The industry of human resources is ripe for innovation. Historically, it's been very focused on simply fulfilling large numbers of job applicants to employers and less focused on the quality or type of job applicant. It's also a very transactional space and
most are challenged with how to get it, "right."

Project Entrepreneur spoke with Georgene Huang, CEO and Co-Founder of The company aims to improve the workplace and lives of women by helping them get the inside scoop on pay, corporate culture, benefits and work flexibility. It also offers company ratings, job listings, discussion boards and career advice. Huang talked about how she plans to flip the world of human resources on its head and more.

Project Entrepreneur: What inspired you to start your business?
Huang: It was born from a personal experience I had while job-searching and two months pregnant. I was an executive, looking for jobs and not telling people in my interviews that I was pregnant. I wanted to ask about maternity leave policies, how much face time there was at a company and whether there were women and other mothers in senior management. Even in 2015, I felt that asking these questions outright was taboo, and meant risking negative judgement even though I was -- and remain -- incredibly career oriented.

What's been the biggest challenge you've faced so far?
In a startup, I believe there are so many potential distractions and so little time to get everything done. Therefore, I think the biggest challenge for me is not to get distracted by things that aren't really important at the end of the day. We try to keep our business KPIs very simple and clear and reinforce them to the team all the time so as not to lose sight of what matters.

What's been the greatest reward?
I've been fortunate to start a company that has a social mission to improve the workplace for women, which is in itself very fulfilling. However, what I didn't foresee as clearly was the added benefit of being able to recruit a team of colleagues who are also attracted to our social mission.

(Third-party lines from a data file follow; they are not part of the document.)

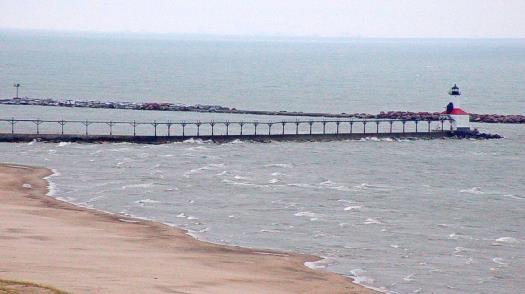 Weather camera view of Access LaPorte County Television Studios.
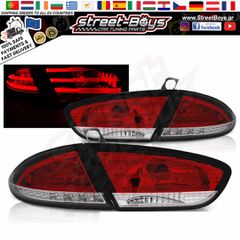 ΠΙΣΩ ΦΑΝΑΡΙΑ LED SEAT LEON 1P FACELIFT (2009-2012) | Street Boys - Car Tuning Shop |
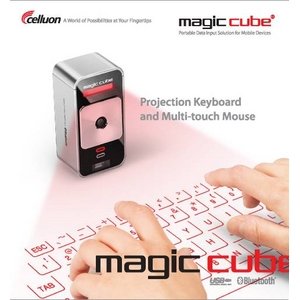 CELLUON(セルオン) 次世代レーザーキーボード magic cube(マジックキューブ)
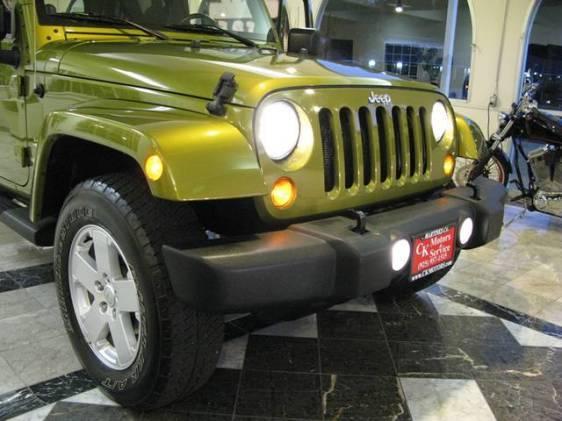 Jeep Wrangler 2007 photo 1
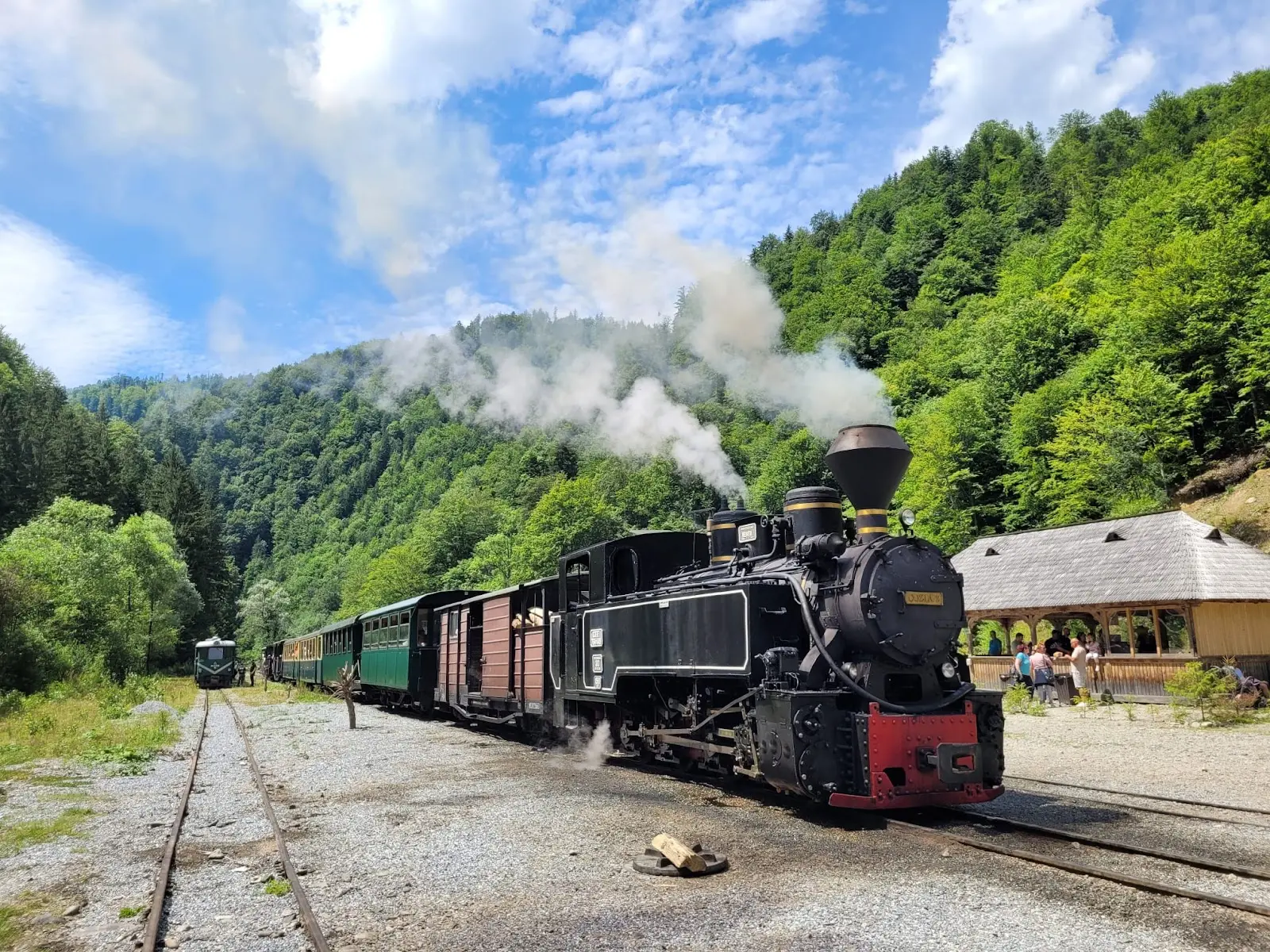 Mocănița CFF Vișeu (Vaser) 2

That creates a common goal beyond business success and survival that has made a huge difference in terms of culture and day-to-day office camaraderie.

What's one piece of advice you'd give to another entrepreneur just starting out?
I think you have to be realistic about your odds and understand that it's not about being perfect, but about adjusting, being flexible and getting back up after any failures come your way. There are a lot of unexpected twists and turns in an entrepreneur's life and you have to be prepared or mentally ready for that reality.